ベトナムのホーチミン市は、隣接するビンズオン省トゥーザウモット市からの地下鉄延伸計画を承認しました。これにより、地下鉄がホーチミン市の中心部まで乗り入れ、市民や通勤者の利便性が大幅に向上する見込みです。VnExpressが報じたところによると、この延伸により路線の総延長は約39kmに達し、ベトナム南部の主要な経済圏の接続が強化されます。
ホーチミン市、地下鉄延伸計画を承認
ホーチミン市人民委員会は、ビンズオン省のトゥーザウモット市とホーチミン市を結ぶ地下鉄2号線(ビンズオン線)の調査範囲を調整する方針を承認しました。当初の計画では、ホーチミン市ヒエップビンフック車両基地までの路線でしたが、今回の承認により、ホーチミン市中心部のタオダン駅(旧1区)まで約15.6km延伸されます。これにより、路線の総延長は約23.3kmから約39kmにまで増加し、地下鉄が都市の中核地域まで深くアクセスできるようになります。
これまでの計画と変更点
これまでの計画では、トゥーザウモット市ファムゴックタック通りを起点とし、ビンズオン大通り、国道13号線を経てヒエップビンフック地域に至る約23.3kmの路線が予定されていました。
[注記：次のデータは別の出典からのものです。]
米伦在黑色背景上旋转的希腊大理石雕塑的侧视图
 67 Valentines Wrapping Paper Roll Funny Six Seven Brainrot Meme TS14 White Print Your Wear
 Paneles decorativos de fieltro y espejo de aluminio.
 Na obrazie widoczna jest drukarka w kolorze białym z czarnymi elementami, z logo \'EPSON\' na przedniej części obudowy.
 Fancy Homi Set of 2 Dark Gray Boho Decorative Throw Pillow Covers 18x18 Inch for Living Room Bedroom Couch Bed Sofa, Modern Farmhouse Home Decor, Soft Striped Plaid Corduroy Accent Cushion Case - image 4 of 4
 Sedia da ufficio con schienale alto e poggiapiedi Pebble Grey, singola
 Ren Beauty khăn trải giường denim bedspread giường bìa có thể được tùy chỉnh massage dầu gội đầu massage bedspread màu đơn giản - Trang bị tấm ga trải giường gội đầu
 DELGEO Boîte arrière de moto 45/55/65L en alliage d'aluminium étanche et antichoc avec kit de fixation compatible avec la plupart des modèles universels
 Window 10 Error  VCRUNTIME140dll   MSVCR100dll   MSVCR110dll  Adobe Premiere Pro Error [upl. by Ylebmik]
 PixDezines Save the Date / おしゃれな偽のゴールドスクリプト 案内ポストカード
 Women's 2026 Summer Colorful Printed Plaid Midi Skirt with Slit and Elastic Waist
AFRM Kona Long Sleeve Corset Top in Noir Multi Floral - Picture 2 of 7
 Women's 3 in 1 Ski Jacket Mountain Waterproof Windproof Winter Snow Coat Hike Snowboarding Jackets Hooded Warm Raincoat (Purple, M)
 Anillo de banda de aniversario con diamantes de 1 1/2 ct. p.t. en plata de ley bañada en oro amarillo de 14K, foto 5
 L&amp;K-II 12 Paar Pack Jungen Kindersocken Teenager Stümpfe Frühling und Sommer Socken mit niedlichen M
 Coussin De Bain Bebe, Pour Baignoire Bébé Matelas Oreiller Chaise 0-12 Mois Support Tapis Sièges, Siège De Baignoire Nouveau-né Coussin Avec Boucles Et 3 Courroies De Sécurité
この場合、中心部へ向かう乗客はホーチミン市地下鉄3号線への乗り換えが必要となり、利便性に課題がありました。しかし、今回の調整により、トゥーザウモットからの地下鉄が乗り換えなしで中心部まで直通できるようになり、通勤・通学の時間が大幅に短縮されると期待されています。ベトナムではJICA(国際協力機構)も交通インフラ整備を重点分野としており、このような都市交通網の強化は、経済成長を加速させるための重要な突破口と位置付けられています。
交通ハブ「タオダン駅」の重要性
ホーチミン市は、ビンズオン方面への地下鉄延伸と並行して、地下鉄3号線の調整研究も進めており、ネットワーク全体の連携と効率的な活用を目指しています。新たな計画では、地下鉄3号線はタオダン駅を起点とし、アンハー駅を終点とする約32kmの路線となり、以前の約46kmから約14km短縮されます。このタオダン駅は、現在建設中の地下鉄2号線(ベンタン – タムルオン線)の主要駅の一つであり、完成すれば3つの地下鉄路線が交差する重要な乗り換え拠点となります。ホーチミン市の行政区域が拡大する中で、タオダン駅の役割は公共交通の連結性を高める上で不可欠です。
経済成長を支える都市インフラ
今回の2路線の同時調整は、タオダン駅を共通の接続点とすることで、運行の最適化、利用効率の向上、そして市民の移動ニーズへのより良い対応が期待されています。ジェトロの調査でも、ホーチミンはベトナム最大の商工業都市であり、人口も急増していることから、都市鉄道などの交通インフラ整備が経済成長の重要な課題とされています。トゥーザウモット – ホーチミン線と地下鉄3号線は、2035年までの完成が計画されており、現在、ホーチミン市では地下鉄2号線(トゥーティエム – ベンタン – タムルオン線)やベンタン – カンザー鉄道などの主要プロジェクトが推進されています。これらのインフラ整備は、ホーチミン都市圏全体の持続的な発展と経済競争力強化に貢献すると見られています。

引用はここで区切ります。